§ **Provided records**:
::::::

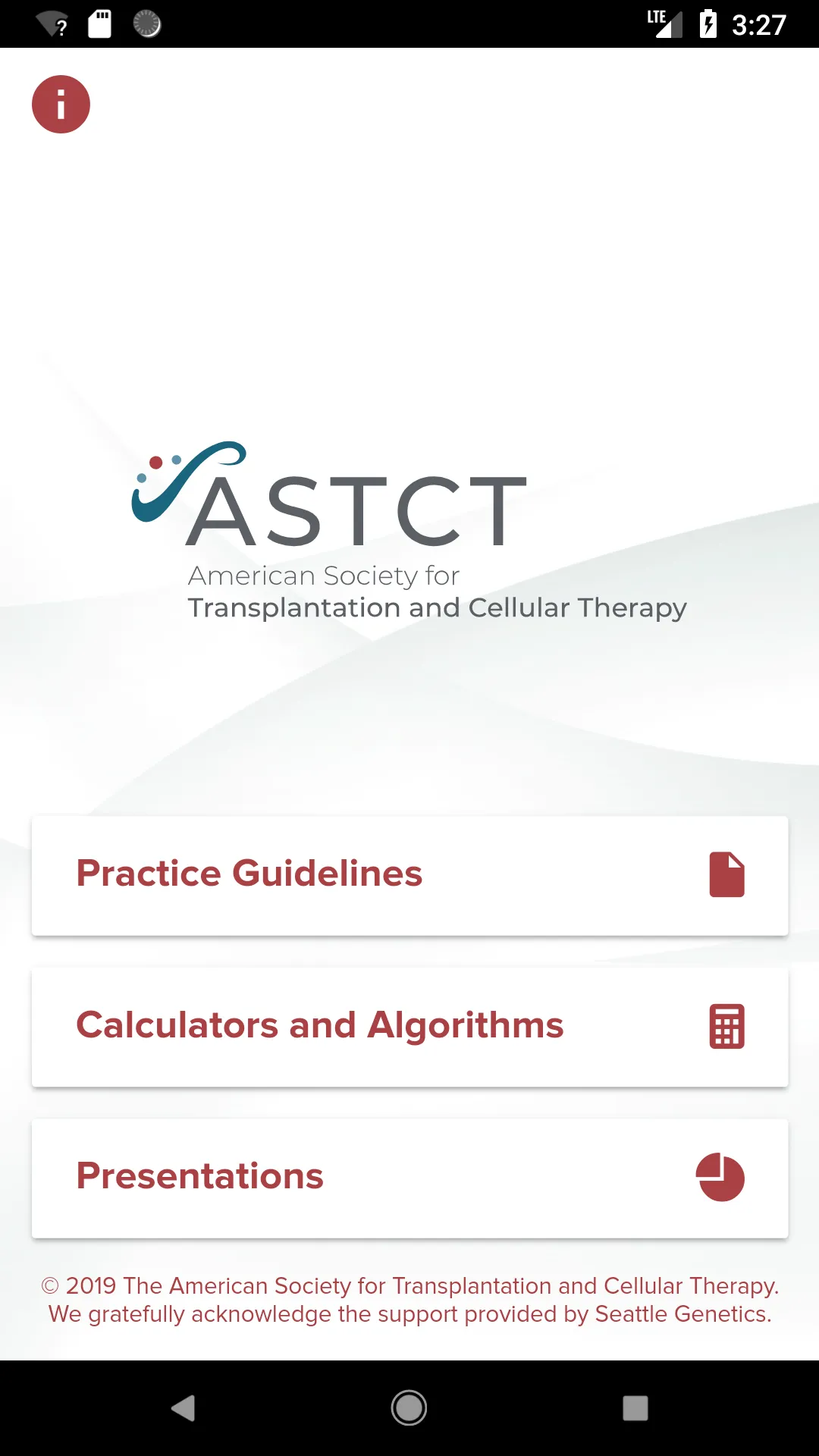 ASTCT Practice Guidelines | Indus Appstore | Screenshot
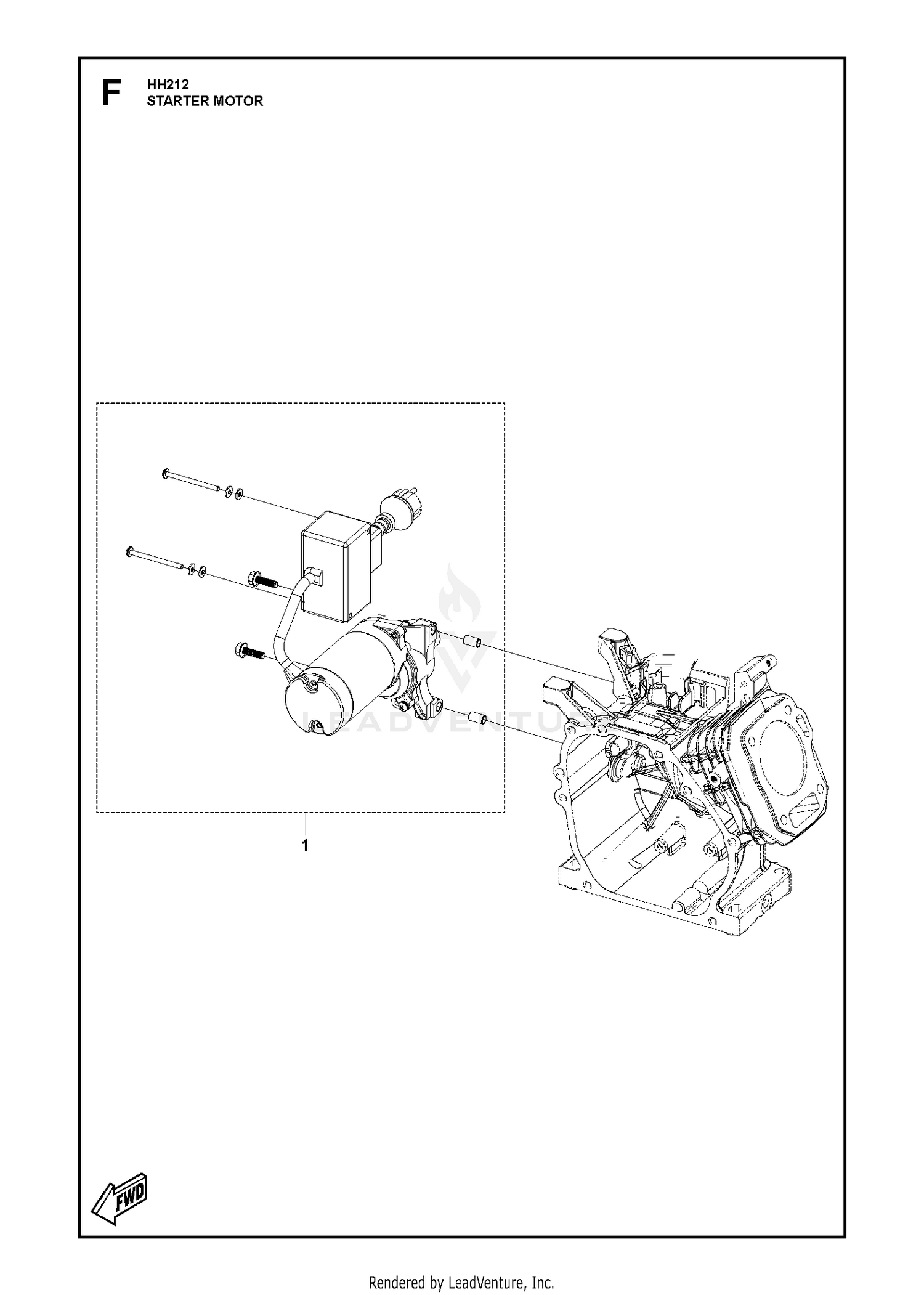 START MOTOR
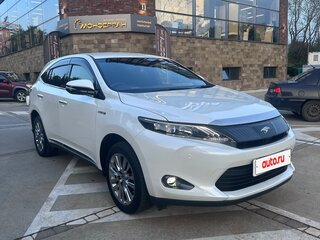 2017 Toyota Harrier III (XU60) Рестайлинг, белый, 2790000 рублей, вид 3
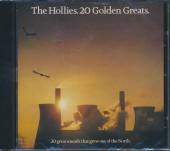 HOLLIES  - CD 20 GOLDEN GREATS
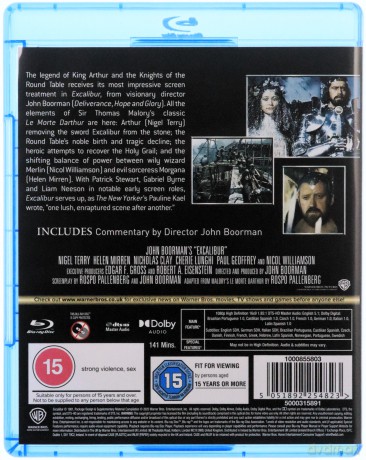 Excalibur [Blu-Ray]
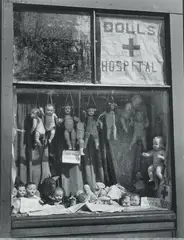Old Dolls Resprayed 1955 by Max Dupain, 1955, silver gelatin photograph, sold Mar 2009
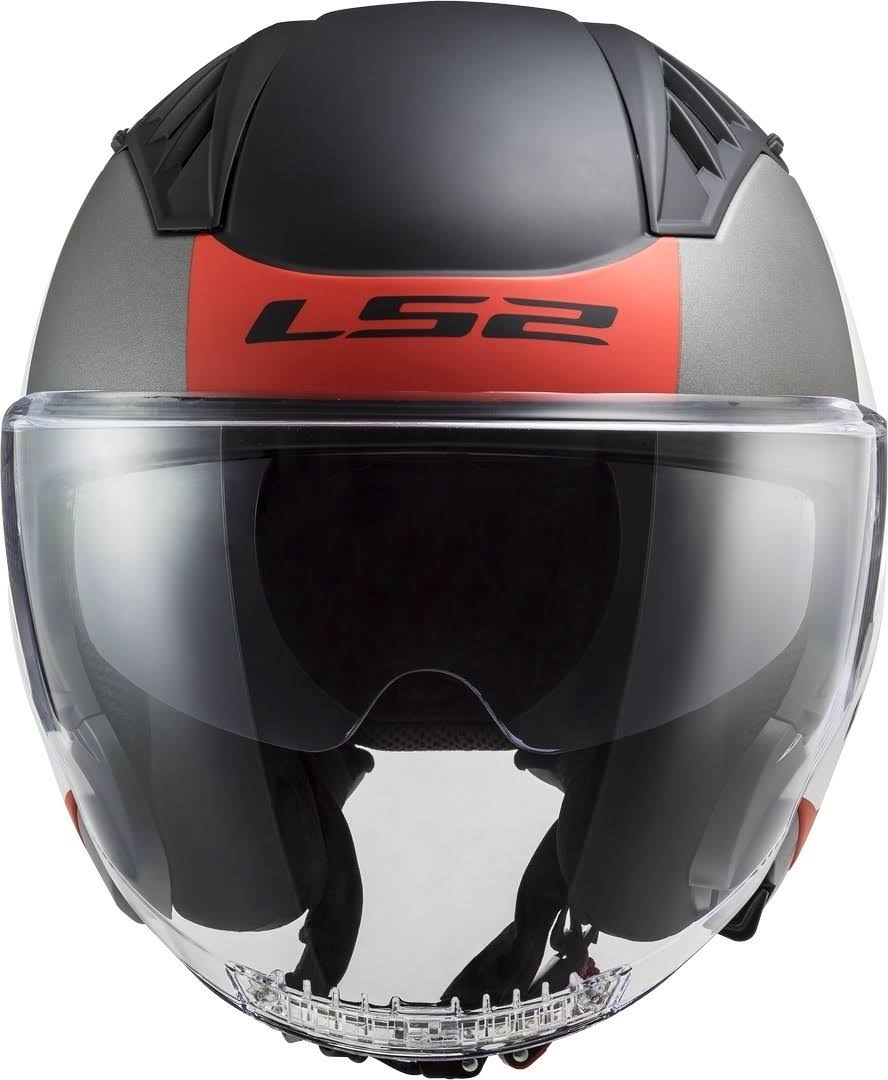 Matt White / Red Helmet Y6610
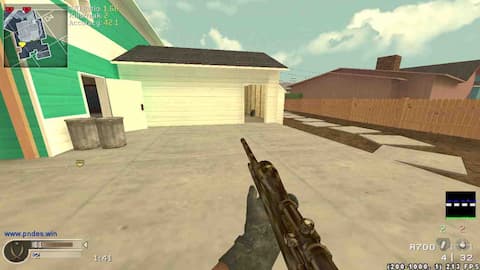 screenshot of New to Cod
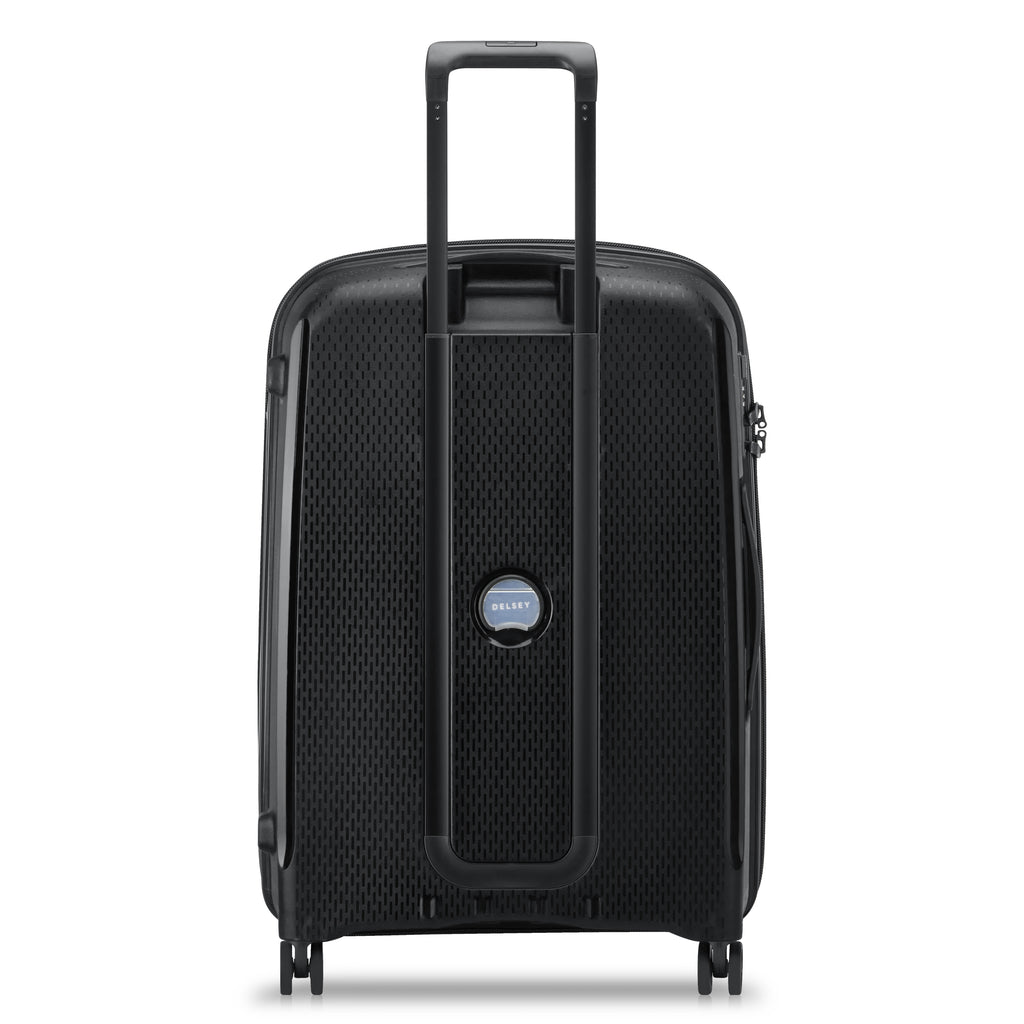 Maleta mediana extensible - Belmont Plus - L (71 cm) - Material reciclado - Negro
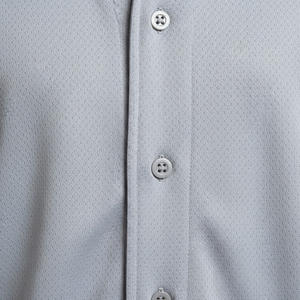 Ensembles d'uniformes de baseball pour hommes, conception personnalisée du logo de l'équipe, taille plus, respirant, 100% polyester, col en V, vêtements de sport athlétiques, vente en gros OEM - Product Image 5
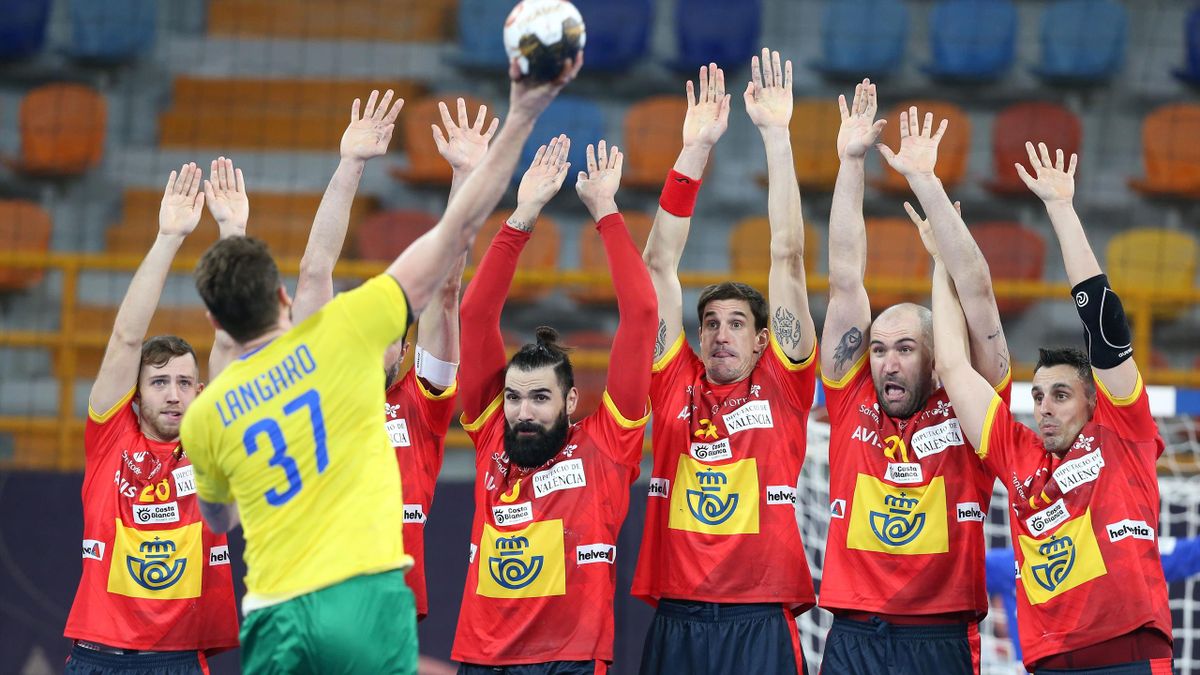 Spanien bei der Handball-WM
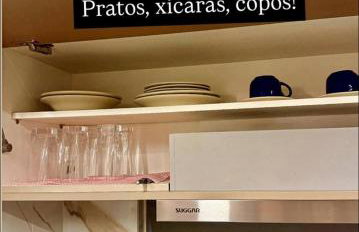 Flat VIP em Boa Viagem - Perto Aeroporto-Shopping Recife e Praia - check in 24h - wi-fi rápido - prédio piscina, coworking, academia e etc - Foto 13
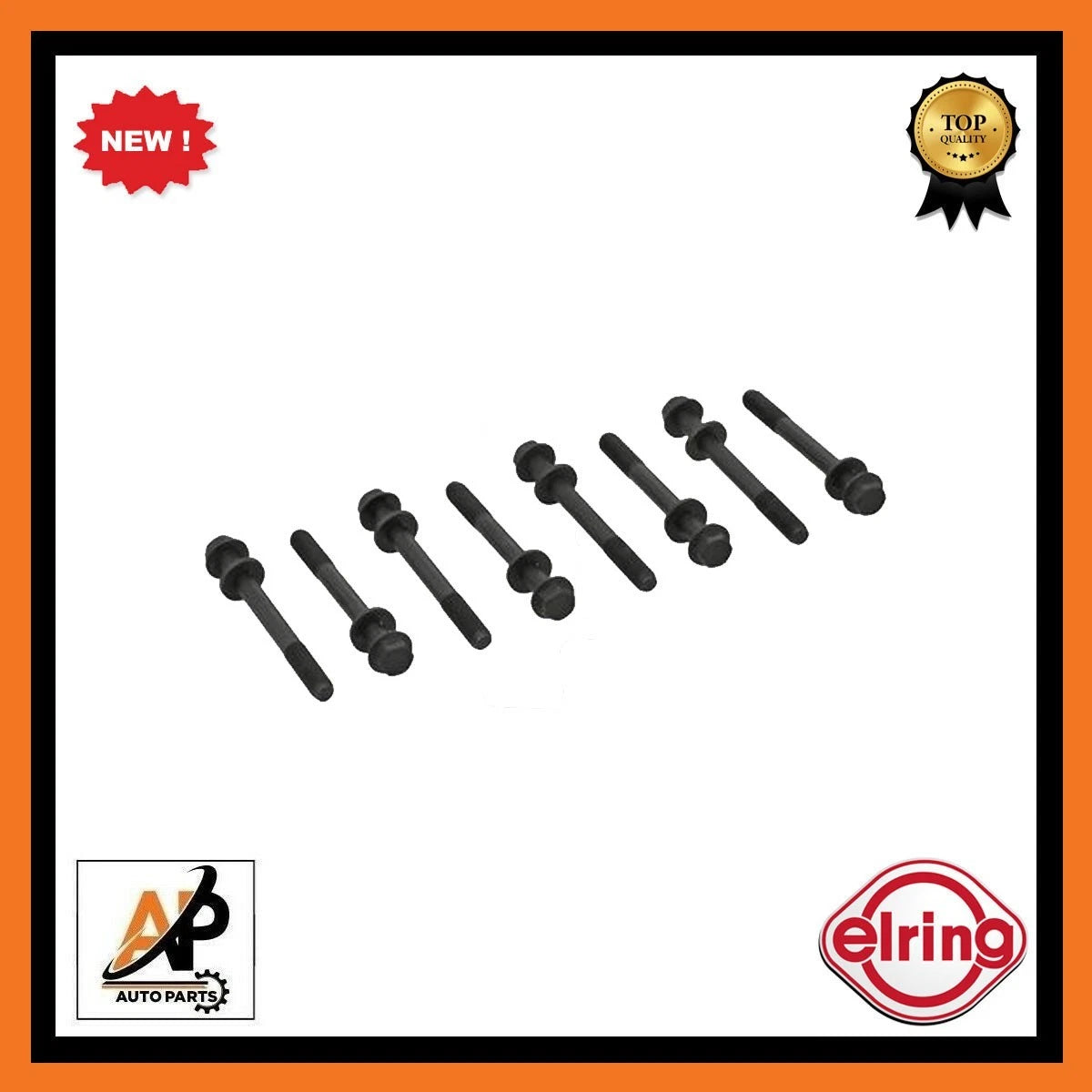 Cylinder Head Bolt Set OEM for Daewoo F8CVC (2000–2003)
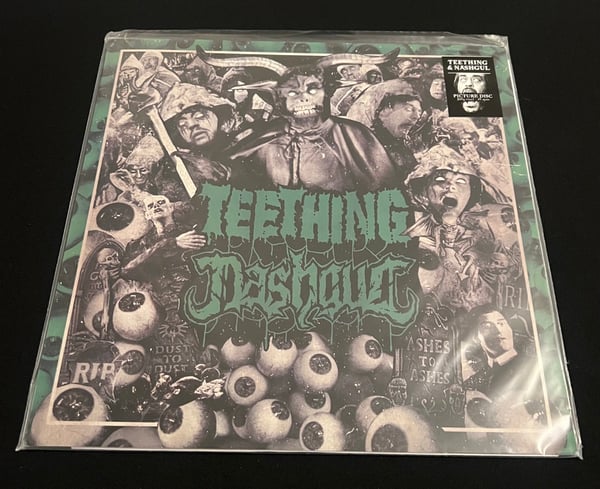 Image of Nashgul / Teething Split Lp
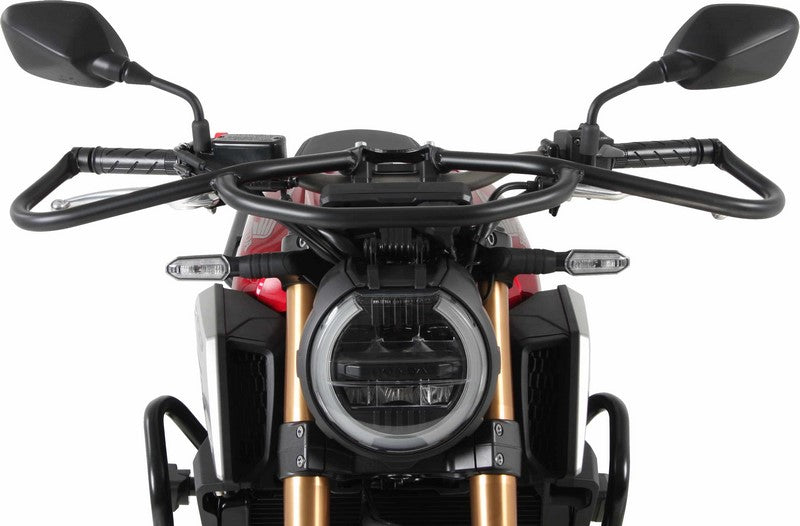 Hepco & Becker Upper front protection bar - black for Honda CB 650 R (2019-) | 5039518 00 01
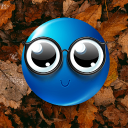 Blue Emojis 🇵🇸🇨🇩🇺🇦 Discord Server Logo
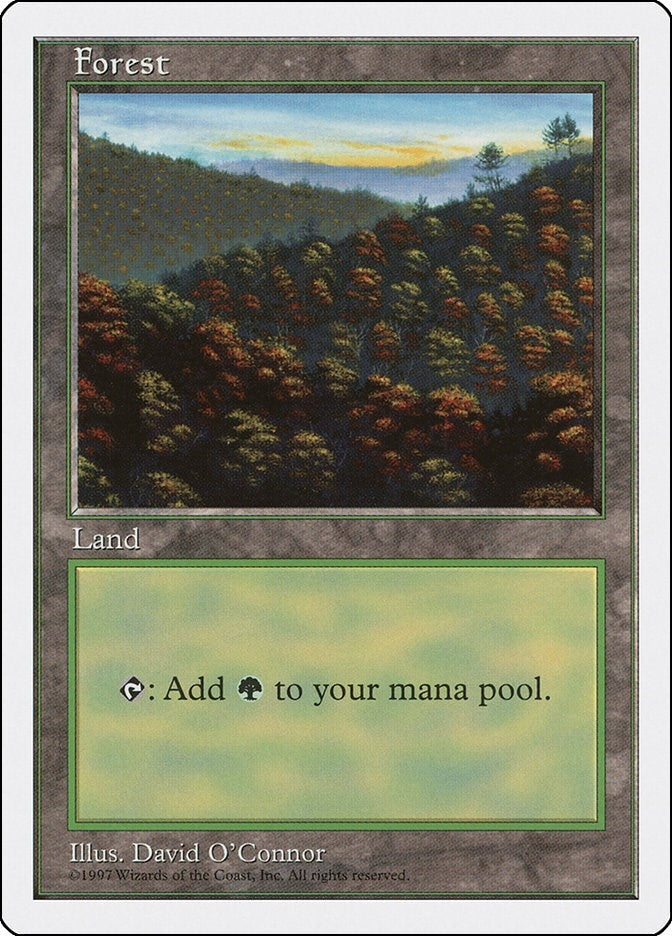 Image for Forest (448) (448) - Magic: The Gathering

::::::

§ **What is being asked**: Leave out the pictures, then reproduce exactly the run of lines from the one that contains "Hepco & Becker" to the final line of the listing above.

§ **Solution to the exercise**:
 Hepco & Becker Upper front protection bar - black for Honda CB 650 R (2019-) | 5039518 00 01
 Blue Emojis 🇵🇸🇨🇩🇺🇦 Discord Server Logo
 Image for Forest (448) (448) - Magic: The Gathering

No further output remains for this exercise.